Components
Intel® Core™ i5 Processor 650 (3.20GHz, 4MB) (add £76.50 for corei7 2.80 8MB)
Genuine Windows® 7 Home Premium 64bit- English
OS Media : MUI Windows 7 Home Premium (64 BIT) Resource DVD
Microsoft® Office Starter 2010 (Word Starter, Excel Starter)
1 year of coverage included with your PC
McAfee® Security Centre - 15 Month Protection - English
Dell ST2310 23" Full HD Widescreen Monitor - UK/Irish
6144MB (2x2GB) (2x1GB)1333MHz DDR3 Dual Channel Memory
2TB Dual Hard Drive Raid 0 "Stripe" (2x1TB - 7200rpm)

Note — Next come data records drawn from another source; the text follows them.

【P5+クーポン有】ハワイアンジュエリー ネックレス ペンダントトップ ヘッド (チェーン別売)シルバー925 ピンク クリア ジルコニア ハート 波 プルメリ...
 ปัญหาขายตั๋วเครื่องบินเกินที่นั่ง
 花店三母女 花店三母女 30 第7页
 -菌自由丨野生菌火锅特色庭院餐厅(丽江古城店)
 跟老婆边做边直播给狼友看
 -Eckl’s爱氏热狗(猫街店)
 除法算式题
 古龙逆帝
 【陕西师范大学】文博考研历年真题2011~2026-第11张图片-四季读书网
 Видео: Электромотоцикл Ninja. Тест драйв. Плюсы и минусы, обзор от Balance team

1GB ATI® Radeon™ HD 5670 graphics card
DVD +/- RW Drive (read/write CD & DVD) with Roxio Easy CD and DVD Burn software
Dell™ USB Entry Keyboard - UK/Irish (QWERTY)
Dell 2 Button USB Optical Mouse
Dell 1525 Wireless PCIe Network Card 802.11n
NO - Dell may NOT telephone me in relation to my order and related products and services
Accessories
No Speakers (Speakers are required to hear audio from your system)
Integrated HDA 7.1 Dolby Digital Audio
Services & Software
DataSafe Online Backup 2GB 1 year
Also Includes
No Accidental Damage Support
English - Documentation with UK/Ire Power cord
D05X8103
Studio XPS 8100 DT Order - UK
Datasafe Local 2.0 Basic
1 year Next Business Day Hardware Support included with your PC
73W Processor Heatsink
One free Dell Expert call to help with your PC queries within 60 days of purchase
Studio XPS 8100 Resource DVD
That comes to £820 + tax = £963GBP however I've also found some 10% cashback offers online, so it would bring it to somewhere around £860. It's been a long time since I've even looked at computers to see if it's cheaper to build yourself, so I am asking you guys, is it really cheaper to build yourself (considering shipping charges for many items) and on average in your experience how much cheaper?
Edit: Also, for any Brit posters, who are good providers of PC hardware?
Also, would anybody avoid refurbished PCs (even when they offer 3-yr warranty)? as it seems to save a bit.